As impressive as Google's ambitions are, though, AI is still new at the job of saving us from meaningless tasks. That may not come until an eventual Pixel 9 or Pixel 13. The Pixel 3, out Thursday starting at about $800, is for those who can't wait.
No doubt you've gotten an automated call from a telemarketer pitching lower interest rates or vacation shares. Google now lets you fight back with an automated response.
When a mystery call comes in, just hit "Screen call." Google's voice assistant takes over and asks for a name and purpose of the call. Transcribed responses appear in real time, so you can decide whether to pick up. You can even request more information by tapping buttons such as "Tell me more."
It's a good concept, though it's not clear that it really saves time. You still need to follow the voice assistant's chatter; taking the call and hanging up would often be faster. Perhaps Google's assistant could one day handle all that for you without even ringing the phone, then decide based on the response whether to interrupt your game of "Fortnite."
But legitimate callers would still find this annoying. It didn't help that I kept tapping "I can't understand," forcing friends to repeat themselves over and over to a robot.
Point the camera at a business card, flyer or other printed text, and Google will try to extract phone numbers and addresses. It also works with QR and barcodes.
If this sounds familiar, it's because it is. Last year's Pixel phones had this Google Lens feature , while Samsung has a similar feature called Bixby Vision. The difference: Before, you had to tap something to activate a feature. Now it's automatic.
The feature is most useful if you have a business card or flyer handy when you're ready to make a call, visit a website or get directions through Google Maps.
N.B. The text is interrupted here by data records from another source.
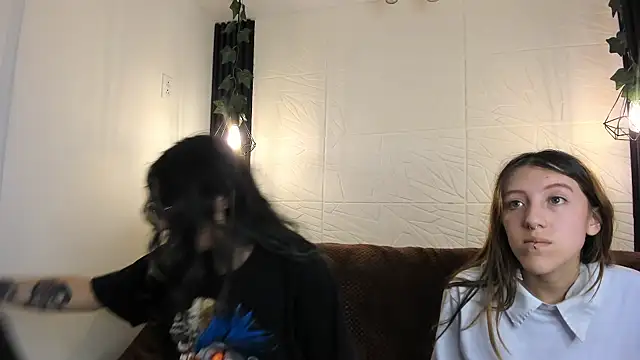 BRIAR_AND_BLAIR's cam snapshot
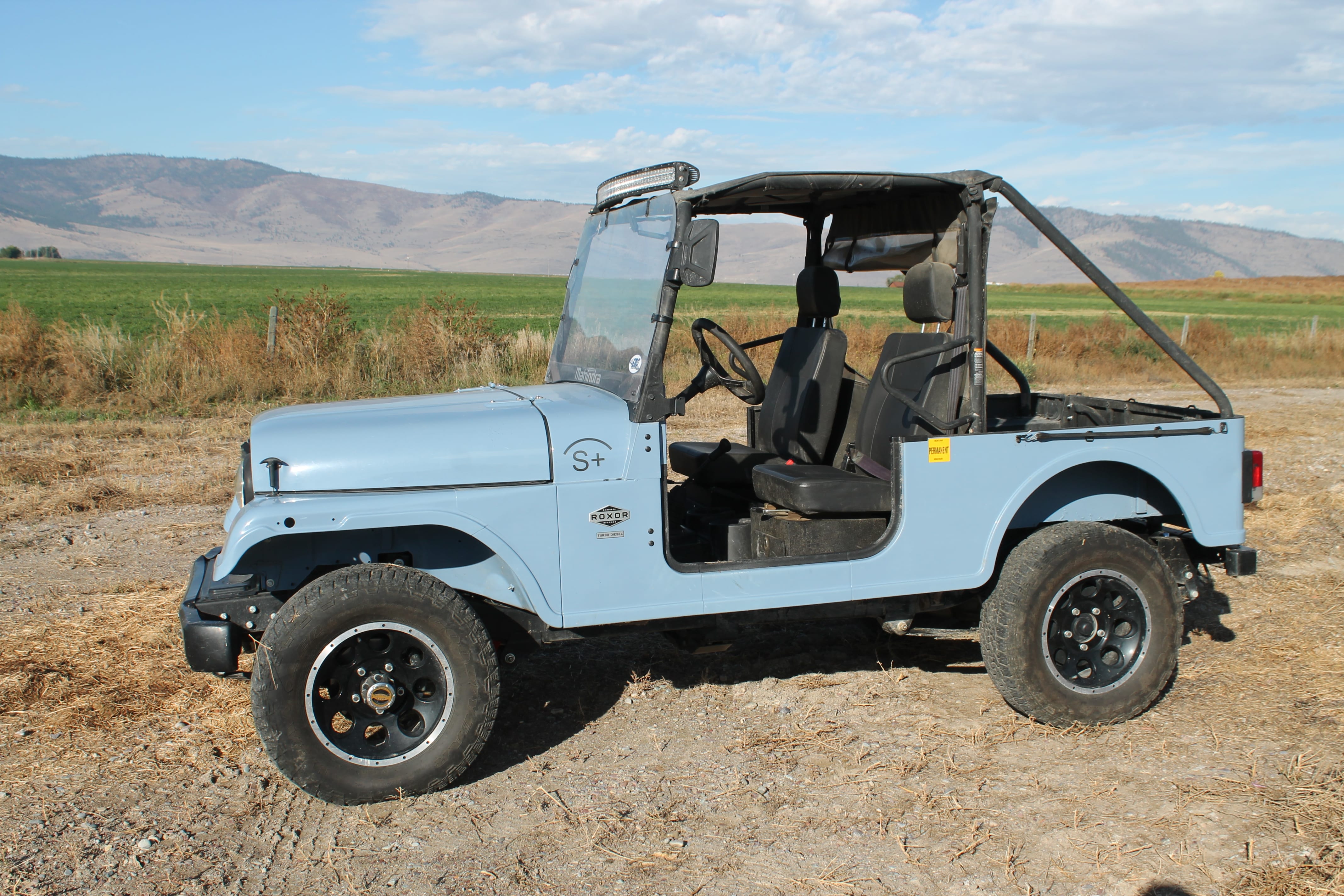 Main image Mahindra Roxor
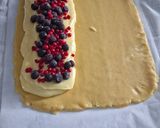 Foto del passaggio 3 della ricetta Rotolo alla crema e frutti di bosco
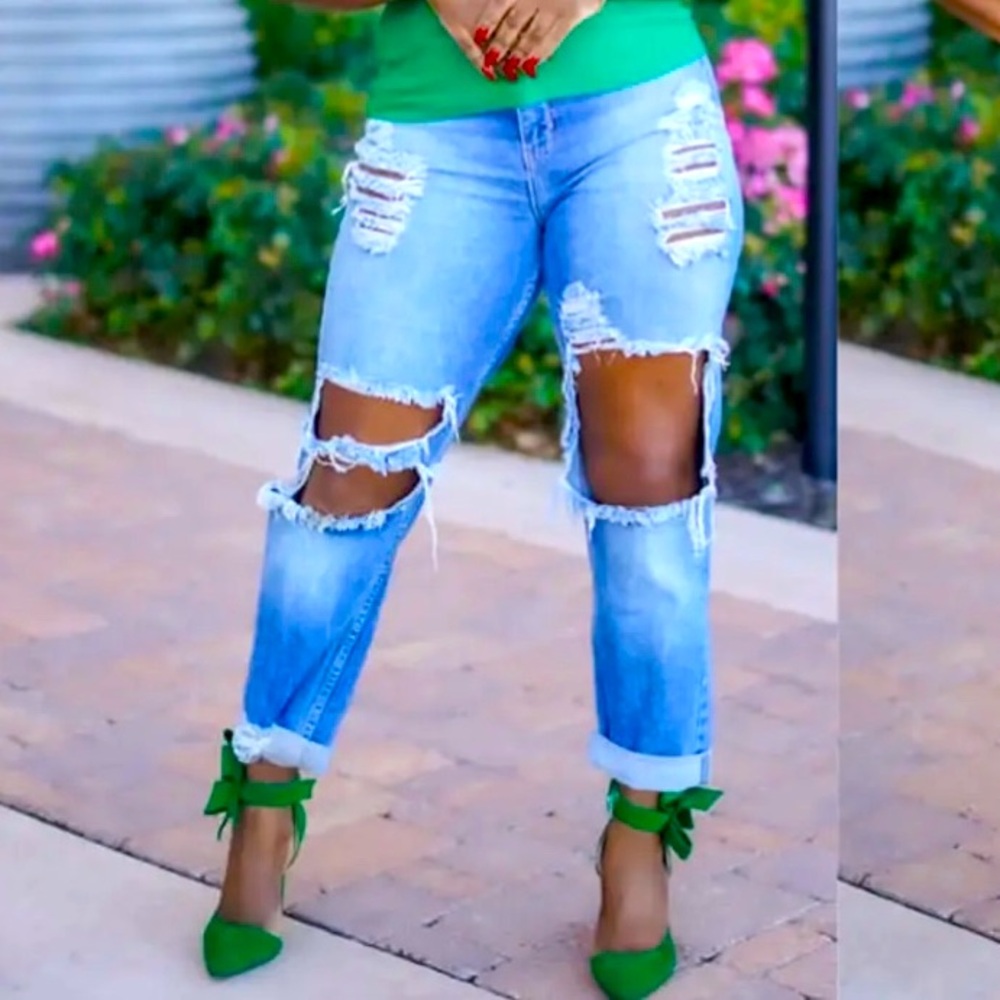 Distressed Boyfriend Jeans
You still need a few extra taps to add the information to your contact list. Then there's the task of tagging which is number is for home, work or cell, and what context you met that person in. That much management might incline you to let those piles of business cards keep stacking up.
A SMART STAND-IN
Place the phone on an optional $79 Pixel Stand charging station, and it can display a rotating set of images from an album you choose. Or you can trust Google to select the best shots. Soon, you'll be able to let Google's facial-recognition technology just pick out photos of your family, including new shots as you take them (though not in the European Union, where privacy regulations are tighter.)
The photo display will take you down memory lane, as images from past trips, weddings and family events come up. If only Google was smart enough to remove the party shots never meant for public, sober viewing.
The stand works well as a bedside companion. Before bed, it offers to set your alarm. In the morning, one tap gets you the weather, upcoming calendar events and details about traffic on your commute. It's not perfect, though: Google still hasn't figured out that I don't own a car and have no use for driving directions. Or that I don't need commute information on weekends.
Just smile or make a funny face for the selfie camera to automatically take the shot. For regular photos, Google captures extra shots as alternatives, in case someone blinks or blocks the view, though Google's recommendations aren't always spot on, as even humans can disagree on what looks best.
The camera also uses software to combine multiple versions of images, essentially filling in some gaps so that zoomed-in shots come out sharper than they normally would. It starts to cross the line of digital manipulation, but pictures do look nice.
It's still no replacement from a real zoom, which the latest Apple and Samsung phones offer via a second lens. Google turns to software to make up for what it lacks in hardware.
A NOTE ON PRIVACY
Google executives emphasize that much of the AI analysis is taking place on the phone, not Google's servers. When screening calls, for instance, all interactions stay private unless you report the number as spam, in which case it gets added to Google's database as a warning to others. The basic text recognition for the Google Lens feature and the camera's image processing also are done on the device.
But more advanced Google Lens features, such as recognizing museum paintings, require sending data to Google's servers. So do most of the requests you make on the Pixel stand.